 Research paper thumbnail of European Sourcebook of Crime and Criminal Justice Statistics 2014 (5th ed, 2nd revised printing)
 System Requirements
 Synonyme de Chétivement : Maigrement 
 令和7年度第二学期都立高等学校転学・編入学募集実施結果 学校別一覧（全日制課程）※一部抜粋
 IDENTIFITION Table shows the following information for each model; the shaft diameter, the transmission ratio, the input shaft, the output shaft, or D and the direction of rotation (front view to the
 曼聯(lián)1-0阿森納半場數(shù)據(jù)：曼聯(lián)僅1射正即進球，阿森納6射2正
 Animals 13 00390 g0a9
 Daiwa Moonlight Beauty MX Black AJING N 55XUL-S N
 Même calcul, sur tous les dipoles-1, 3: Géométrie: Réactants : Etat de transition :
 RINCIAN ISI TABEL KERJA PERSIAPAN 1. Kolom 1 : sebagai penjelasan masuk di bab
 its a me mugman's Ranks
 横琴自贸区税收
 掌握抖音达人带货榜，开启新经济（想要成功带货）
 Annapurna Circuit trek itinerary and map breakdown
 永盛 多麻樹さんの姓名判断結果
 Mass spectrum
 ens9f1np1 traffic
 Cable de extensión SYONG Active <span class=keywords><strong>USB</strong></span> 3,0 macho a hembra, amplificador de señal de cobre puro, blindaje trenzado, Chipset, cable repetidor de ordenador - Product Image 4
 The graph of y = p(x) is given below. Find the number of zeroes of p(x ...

** Exercise brief **
Make an exact copy of the data above.

** Your solution **
 Research paper thumbnail of European Sourcebook of Crime and Criminal Justice Statistics 2014 (5th ed, 2nd revised printing)
 System Requirements
 Synonyme de Chétivement : Maigrement 
 令和7年度第二学期都立高等学校転学・編入学募集実施結果 学校別一覧（全日制課程）※一部抜粋
 IDENTIFITION Table shows the following information for each model; the shaft diameter, the transmission ratio, the input shaft, the output shaft, or D and the direction of rotation (front view to the
 曼聯(lián)1-0阿森納半場數(shù)據(jù)：曼聯(lián)僅1射正即進球，阿森納6射2正
 Animals 13 00390 g0a9
 Daiwa Moonlight Beauty MX Black AJING N 55XUL-S N
 Même calcul, sur tous les dipoles-1, 3: Géométrie: Réactants : Etat de transition :
 RINCIAN ISI TABEL KERJA PERSIAPAN 1. Kolom 1 : sebagai penjelasan masuk di bab
 its a me mugman's Ranks
 横琴自贸区税收
 掌握抖音达人带货榜，开启新经济（想要成功带货）
 Annapurna Circuit trek itinerary and map breakdown
 永盛 多麻樹さんの姓名判断結果
 Mass spectrum
 ens9f1np1 traffic
 Cable de extensión SYONG Active <span class=keywords><strong>USB</strong></span> 3,0 macho a hembra, amplificador de señal de cobre puro, blindaje trenzado, Chipset, cable repetidor de ordenador - Product Image 4
 The graph of y = p(x) is given below. Find the number of zeroes of p(x ...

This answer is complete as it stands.